Em certa ocasião visitei a Igreja de Santo Agostinho, em Roma, onde está sepultada Santa Mónica, sua mãe. Nesta Igreja há um quadro, atribuído a Caravaggio, que tem uma história engraçada. Os frades agostinhos encomendaram a um pintor uma imagem de Maria “mais Rainha do que mãe e irmã”. O artista, disciplinado, fez a encomenda pedida e quando foi cobrar o seu trabalho viu que os frades não lhe queriam pagar, nem queriam o quadro, porque achavam irreverente a maneira como havia representado a Mãe de Deus. O quadro representava Maria à porta da sua casa com o menino nos braços e vestida com roupas próprias de uma mulher dedicada aos trabalhos domésticos. Ajoelhados diante dela estão dois mendigos, com os pés descalços, pedindo esmola a Maria. Caravaggio depressa se deu conta de que a humanidade de Maria está coroada mais com o “avental” do que com o diadema. A centralidade da cena corresponde a um Deus que, através de Maria, serve a humanidade, simbolizada nos dois mendigos ajoelhados diante dela com os pés inchados, sujos e cheios de chagas.
As mães curvam-se na direcção dos filhos. Primo Mazzolari comenta: Aquele curvar do seu corpo é a prova do seu amor, o inconfundível sinal da maternidade que se abaixa e condescende. Abaixar-se é também o gesto de Jesus para com os seus irmãos no lava-pés.

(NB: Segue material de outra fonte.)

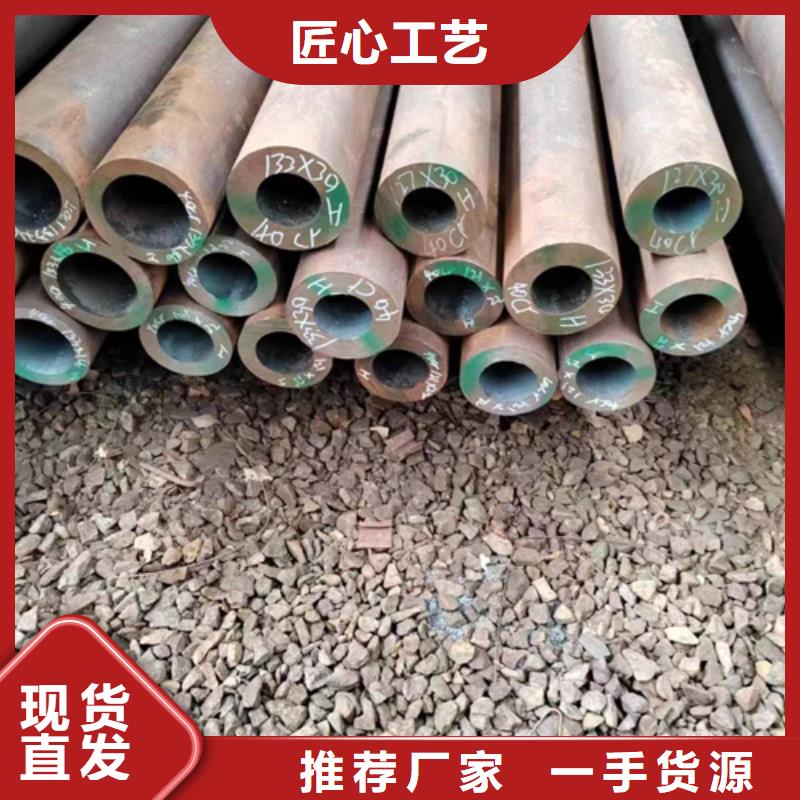 镀锌无缝钢管-镀锌无缝钢管放心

O pintor, com a sua visão particular, tentou convencer os frades agostinhos de que Maria exercia a sua realeza a partir da proximidade e intimidade da mulher que se sabe irmã e companheira de canseiras domésticas. Maria, mulher histórica da nossa raça e não deusa. A mulher crente, peregrina da fé, a que serviu Isabel, a pobre de Belém, a que sofreu pelo Filho, a que acompanhou os apóstolos na espera do Espírito Santo.
Lutero, longe da imagem desvirtuada e da visão maravilhosa que os evangelhos apócrifos descrevem sobre Maria – uma supermulher – num dos comentários mais bonitos que jamais se escreveram sobre o Magnificat, retratou deste modo a humanidade de Maria: Nenhuma acção, nenhuma honra, nenhuma fama se atribui a si mesma […]. Não reclama nenhuma honra, vai e dedica-se às tarefas caseiras como antes, continua a ordenhar as vacas, cozinhando, lavando a louça, varrendo. Comporta-se tal como uma criada ou uma ama de casa dedicada a afazeres insignificantes e banais […] Maria, como irmã, é modelo da humanidade que, na liberdade, diz um “sim” confiado e alegra a obra de Deus, colaborando activamente no seu crescimento.